The unanimous ruling means that the Merit Systems Protection Board may look at past disciplinary actions still under appeal when reviewing terminations and other disciplinary infractions involving feds. At issue was the weight that can be given to any prior disciplinary history.

The case in point involved Maria Gregory, a letter technician in Hinesville, Ga., who was fired by the U.S. Postal Service. Gregory appealed her termination to the MSPB, which said the termination was justified because she had a prior disciplinary record.

The Federal Court of Appeals ruled that the board was unable to consider prior unresolved disciplinary action against Gregory when making its decision, but the Supreme Court disagreed, saying the MSPB should be allowed broad discretion in determining how to review past disciplinary actions.

Before Gregory was fired, she received three disciplinary actions for insubordination. Two were still being appealed. Her first pending disciplinary action — the basis for the other two — was subsequently dropped when an arbitrator ruled in her favor. In my opinion, the three disciplinary actions involved minor issues, none of them serious.

In the first instance, Gregory was given a letter of warning for leaving work early to take her 13-year-old daughter to a doctor. An arbitrator later determined that she was justified in believing that she had permission to leave work for that purpose. Gregory filed three grievances under procedures set up between her union, the National Association of Letter Carriers, and the Postal Service.

The record shows that the Postal Service had some prior run-ins with Gregory. In 1995, Gregory accused a co-worker of sexual harassment. She then filed a grievance with the Equal Employment Opportunity Commission alleging that her complaints were treated lightly.

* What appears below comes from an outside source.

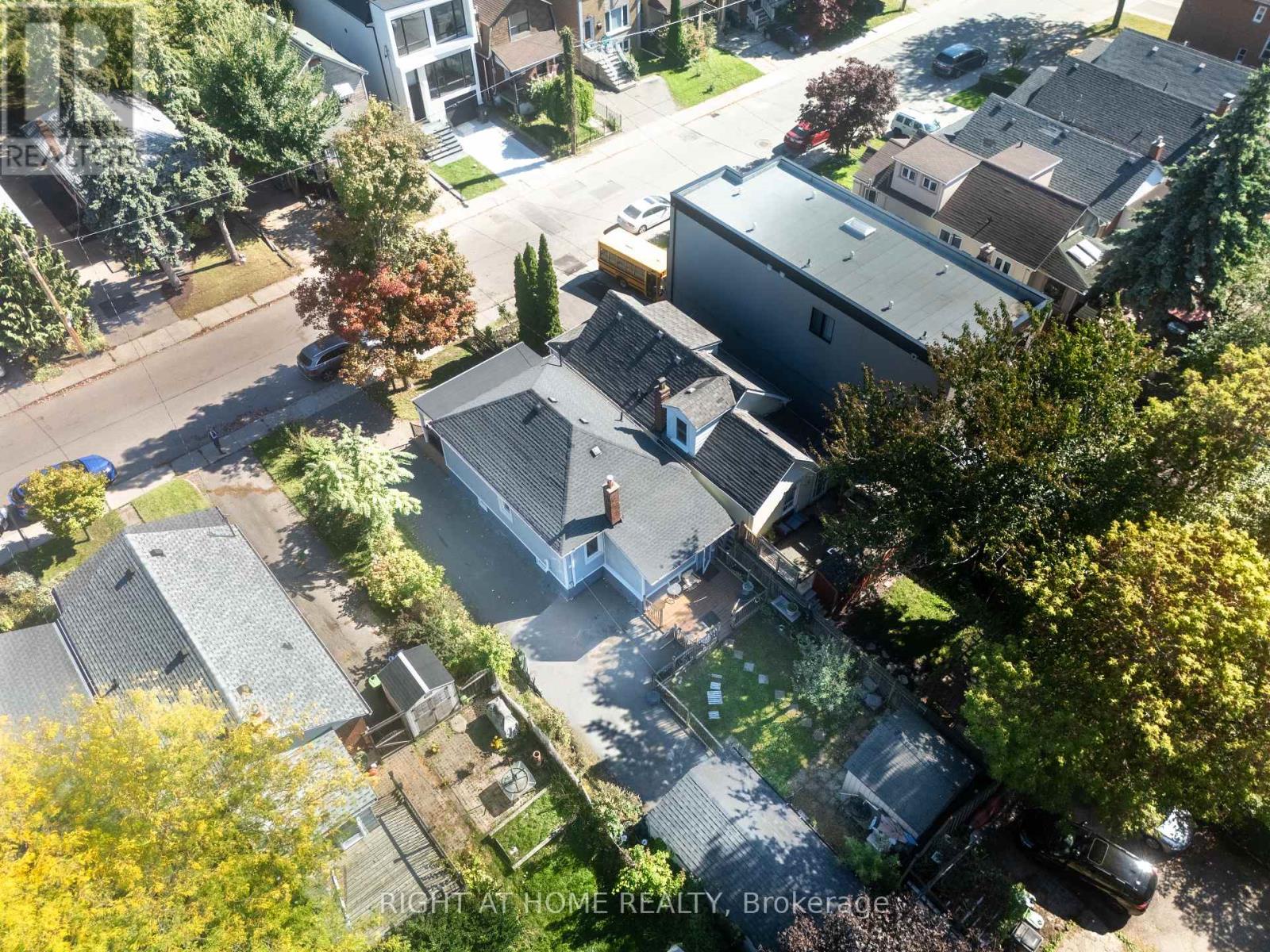 26 Sixteenth Street, Toronto (new Toronto), Ontario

Justice Department attorneys representing the Postal Service before the Supreme Court contended that a decision in favor of Gregory would "do serious harm to the civil service system." They said such a ruling would give feds an incentive to file grievances and prolong proceedings to prevent their history from being considered in future disciplinary actions. That may be true, but it was not OK to fire Gregory because of a minor infraction of the rules.

In light of the case's outcome, Gregory's attorneys can again contest the practices of the MSPB if they choose to. The board does not typically handle postal worker appeals, but because Gregory had served in the Army, she was allowed to appeal her firing through the board. Justice Ruth Bader Ginsburg said Gregory could have asked for arbitration and possibly might have fared better.

Despite the Supreme Court's ruling against her, she could still win back her postal job if the appeals court decides her dismissal was unjust.